# Dataset records:
┌──

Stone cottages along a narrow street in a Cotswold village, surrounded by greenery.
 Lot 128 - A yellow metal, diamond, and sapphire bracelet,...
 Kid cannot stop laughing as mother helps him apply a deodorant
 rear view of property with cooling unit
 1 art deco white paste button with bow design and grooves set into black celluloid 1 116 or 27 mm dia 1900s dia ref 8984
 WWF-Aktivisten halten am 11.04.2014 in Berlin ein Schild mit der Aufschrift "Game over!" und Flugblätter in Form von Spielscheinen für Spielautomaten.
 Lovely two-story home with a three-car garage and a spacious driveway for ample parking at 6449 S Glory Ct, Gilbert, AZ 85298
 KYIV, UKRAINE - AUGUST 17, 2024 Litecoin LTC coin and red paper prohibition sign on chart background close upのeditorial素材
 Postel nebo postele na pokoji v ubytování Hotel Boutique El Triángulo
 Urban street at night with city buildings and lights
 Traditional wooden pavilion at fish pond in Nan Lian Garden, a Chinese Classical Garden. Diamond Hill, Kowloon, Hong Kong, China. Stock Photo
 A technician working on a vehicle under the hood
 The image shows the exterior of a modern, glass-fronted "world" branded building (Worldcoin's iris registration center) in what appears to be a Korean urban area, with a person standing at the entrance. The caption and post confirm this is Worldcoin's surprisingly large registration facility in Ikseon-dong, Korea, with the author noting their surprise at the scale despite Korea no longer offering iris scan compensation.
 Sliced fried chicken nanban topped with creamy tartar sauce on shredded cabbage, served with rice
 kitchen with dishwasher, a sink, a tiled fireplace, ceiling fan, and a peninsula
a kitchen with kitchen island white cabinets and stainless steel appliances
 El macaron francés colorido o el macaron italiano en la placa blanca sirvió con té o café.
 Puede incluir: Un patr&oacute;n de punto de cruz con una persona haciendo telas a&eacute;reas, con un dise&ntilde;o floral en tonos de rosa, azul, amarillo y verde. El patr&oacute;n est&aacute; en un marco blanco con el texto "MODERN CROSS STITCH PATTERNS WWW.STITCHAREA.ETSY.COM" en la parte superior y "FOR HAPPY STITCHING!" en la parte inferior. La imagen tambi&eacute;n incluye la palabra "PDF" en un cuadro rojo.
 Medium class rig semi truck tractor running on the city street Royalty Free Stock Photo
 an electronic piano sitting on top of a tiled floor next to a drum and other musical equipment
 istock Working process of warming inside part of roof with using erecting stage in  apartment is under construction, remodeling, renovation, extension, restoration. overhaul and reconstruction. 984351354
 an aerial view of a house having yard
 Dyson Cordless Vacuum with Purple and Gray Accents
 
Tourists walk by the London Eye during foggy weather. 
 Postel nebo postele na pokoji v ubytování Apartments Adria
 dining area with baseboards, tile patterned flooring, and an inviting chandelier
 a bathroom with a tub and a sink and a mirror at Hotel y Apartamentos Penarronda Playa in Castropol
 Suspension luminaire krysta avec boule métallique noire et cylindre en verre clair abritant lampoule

└──

# What to work on:
Every record above is to be given again precisely.

# Problem solution:
Stone cottages along a narrow street in a Cotswold village, surrounded by greenery.
 Lot 128 - A yellow metal, diamond, and sapphire bracelet,...
 Kid cannot stop laughing as mother helps him apply a deodorant
 rear view of property with cooling unit
 1 art deco white paste button with bow design and grooves set into black celluloid 1 116 or 27 mm dia 1900s dia ref 8984
 WWF-Aktivisten halten am 11.04.2014 in Berlin ein Schild mit der Aufschrift "Game over!" und Flugblätter in Form von Spielscheinen für Spielautomaten.
 Lovely two-story home with a three-car garage and a spacious driveway for ample parking at 6449 S Glory Ct, Gilbert, AZ 85298
 KYIV, UKRAINE - AUGUST 17, 2024 Litecoin LTC coin and red paper prohibition sign on chart background close upのeditorial素材
 Postel nebo postele na pokoji v ubytování Hotel Boutique El Triángulo
 Urban street at night with city buildings and lights
 Traditional wooden pavilion at fish pond in Nan Lian Garden, a Chinese Classical Garden. Diamond Hill, Kowloon, Hong Kong, China. Stock Photo
 A technician working on a vehicle under the hood
 The image shows the exterior of a modern, glass-fronted "world" branded building (Worldcoin's iris registration center) in what appears to be a Korean urban area, with a person standing at the entrance. The caption and post confirm this is Worldcoin's surprisingly large registration facility in Ikseon-dong, Korea, with the author noting their surprise at the scale despite Korea no longer offering iris scan compensation.
 Sliced fried chicken nanban topped with creamy tartar sauce on shredded cabbage, served with rice
 kitchen with dishwasher, a sink, a tiled fireplace, ceiling fan, and a peninsula
a kitchen with kitchen island white cabinets and stainless steel appliances
 El macaron francés colorido o el macaron italiano en la placa blanca sirvió con té o café.
 Puede incluir: Un patr&oacute;n de punto de cruz con una persona haciendo telas a&eacute;reas, con un dise&ntilde;o floral en tonos de rosa, azul, amarillo y verde. El patr&oacute;n est&aacute; en un marco blanco con el texto "MODERN CROSS STITCH PATTERNS WWW.STITCHAREA.ETSY.COM" en la parte superior y "FOR HAPPY STITCHING!" en la parte inferior. La imagen tambi&eacute;n incluye la palabra "PDF" en un cuadro rojo.
 Medium class rig semi truck tractor running on the city street Royalty Free Stock Photo
 an electronic piano sitting on top of a tiled floor next to a drum and other musical equipment
 istock Working process of warming inside part of roof with using erecting stage in  apartment is under construction, remodeling, renovation, extension, restoration. overhaul and reconstruction. 984351354
 an aerial view of a house having yard
 Dyson Cordless Vacuum with Purple and Gray Accents
 
Tourists walk by the London Eye during foggy weather. 
 Postel nebo postele na pokoji v ubytování Apartments Adria
 dining area with baseboards, tile patterned flooring, and an inviting chandelier
 a bathroom with a tub and a sink and a mirror at Hotel y Apartamentos Penarronda Playa in Castropol
 Suspension luminaire krysta avec boule métallique noire et cylindre en verre clair abritant lampoule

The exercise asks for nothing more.